→ **Work instruction**: Below are records; reproduce exactly the lines from the first through the one containing "Kit Cortador de".

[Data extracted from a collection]
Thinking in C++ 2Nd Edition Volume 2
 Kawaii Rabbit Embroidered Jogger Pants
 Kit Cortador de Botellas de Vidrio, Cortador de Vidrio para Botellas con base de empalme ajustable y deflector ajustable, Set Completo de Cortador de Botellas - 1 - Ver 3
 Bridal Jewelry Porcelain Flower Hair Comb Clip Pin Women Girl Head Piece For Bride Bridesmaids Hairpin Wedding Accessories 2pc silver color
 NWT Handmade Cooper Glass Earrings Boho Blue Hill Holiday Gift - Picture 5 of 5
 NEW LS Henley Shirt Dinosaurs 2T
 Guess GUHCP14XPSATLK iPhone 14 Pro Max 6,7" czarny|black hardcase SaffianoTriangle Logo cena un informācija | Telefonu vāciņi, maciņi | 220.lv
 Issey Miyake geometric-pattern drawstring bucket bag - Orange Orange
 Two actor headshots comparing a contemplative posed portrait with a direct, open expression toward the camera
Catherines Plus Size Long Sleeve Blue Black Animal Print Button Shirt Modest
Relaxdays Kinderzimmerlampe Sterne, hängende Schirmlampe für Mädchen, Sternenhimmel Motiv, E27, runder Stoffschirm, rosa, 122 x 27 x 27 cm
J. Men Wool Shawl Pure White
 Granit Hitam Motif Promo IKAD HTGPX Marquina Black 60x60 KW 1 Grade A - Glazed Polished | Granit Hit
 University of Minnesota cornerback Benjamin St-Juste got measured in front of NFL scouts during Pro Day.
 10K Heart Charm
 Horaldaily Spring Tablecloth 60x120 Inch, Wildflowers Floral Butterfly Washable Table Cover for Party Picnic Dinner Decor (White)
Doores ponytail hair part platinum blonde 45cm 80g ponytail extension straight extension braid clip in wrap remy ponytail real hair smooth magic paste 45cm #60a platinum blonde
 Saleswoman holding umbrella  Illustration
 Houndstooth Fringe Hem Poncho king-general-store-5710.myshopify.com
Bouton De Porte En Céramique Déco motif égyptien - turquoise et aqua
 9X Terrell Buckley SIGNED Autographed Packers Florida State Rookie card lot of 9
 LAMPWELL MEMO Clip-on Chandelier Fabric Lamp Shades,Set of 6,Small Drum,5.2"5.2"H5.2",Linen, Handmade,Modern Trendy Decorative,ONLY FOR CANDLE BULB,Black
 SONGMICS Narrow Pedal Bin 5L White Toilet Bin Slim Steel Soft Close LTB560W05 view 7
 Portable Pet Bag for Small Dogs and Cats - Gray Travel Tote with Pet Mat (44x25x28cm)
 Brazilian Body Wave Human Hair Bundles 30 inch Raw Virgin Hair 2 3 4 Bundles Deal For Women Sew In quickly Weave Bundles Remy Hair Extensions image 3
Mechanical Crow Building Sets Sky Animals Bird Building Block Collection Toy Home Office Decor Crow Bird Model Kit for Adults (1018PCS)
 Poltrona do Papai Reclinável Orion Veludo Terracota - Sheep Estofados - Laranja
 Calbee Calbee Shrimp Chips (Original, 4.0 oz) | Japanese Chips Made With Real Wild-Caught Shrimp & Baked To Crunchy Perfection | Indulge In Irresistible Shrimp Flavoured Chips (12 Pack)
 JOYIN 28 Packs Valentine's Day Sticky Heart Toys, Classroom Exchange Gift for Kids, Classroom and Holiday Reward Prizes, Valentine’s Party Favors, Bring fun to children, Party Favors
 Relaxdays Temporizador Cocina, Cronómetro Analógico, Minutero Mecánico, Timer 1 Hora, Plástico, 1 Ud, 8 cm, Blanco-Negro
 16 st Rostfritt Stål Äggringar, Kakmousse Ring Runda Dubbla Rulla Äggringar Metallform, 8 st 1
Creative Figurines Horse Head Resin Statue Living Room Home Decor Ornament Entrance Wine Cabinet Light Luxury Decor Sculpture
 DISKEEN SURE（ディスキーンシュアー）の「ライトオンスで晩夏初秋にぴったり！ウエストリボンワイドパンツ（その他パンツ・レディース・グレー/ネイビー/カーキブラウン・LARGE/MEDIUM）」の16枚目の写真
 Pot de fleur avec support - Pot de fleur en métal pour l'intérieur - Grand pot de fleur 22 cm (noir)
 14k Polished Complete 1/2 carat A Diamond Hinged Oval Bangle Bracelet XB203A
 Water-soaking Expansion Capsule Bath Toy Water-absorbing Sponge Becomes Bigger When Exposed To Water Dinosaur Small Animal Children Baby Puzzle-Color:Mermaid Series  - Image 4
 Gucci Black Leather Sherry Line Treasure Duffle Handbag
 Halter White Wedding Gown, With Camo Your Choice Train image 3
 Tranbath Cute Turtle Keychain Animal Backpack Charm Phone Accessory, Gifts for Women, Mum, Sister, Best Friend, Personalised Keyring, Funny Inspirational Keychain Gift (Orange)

→ **Answer to this problem**:
Thinking in C++ 2Nd Edition Volume 2
 Kawaii Rabbit Embroidered Jogger Pants
 Kit Cortador de Botellas de Vidrio, Cortador de Vidrio para Botellas con base de empalme ajustable y deflector ajustable, Set Completo de Cortador de Botellas - 1 - Ver 3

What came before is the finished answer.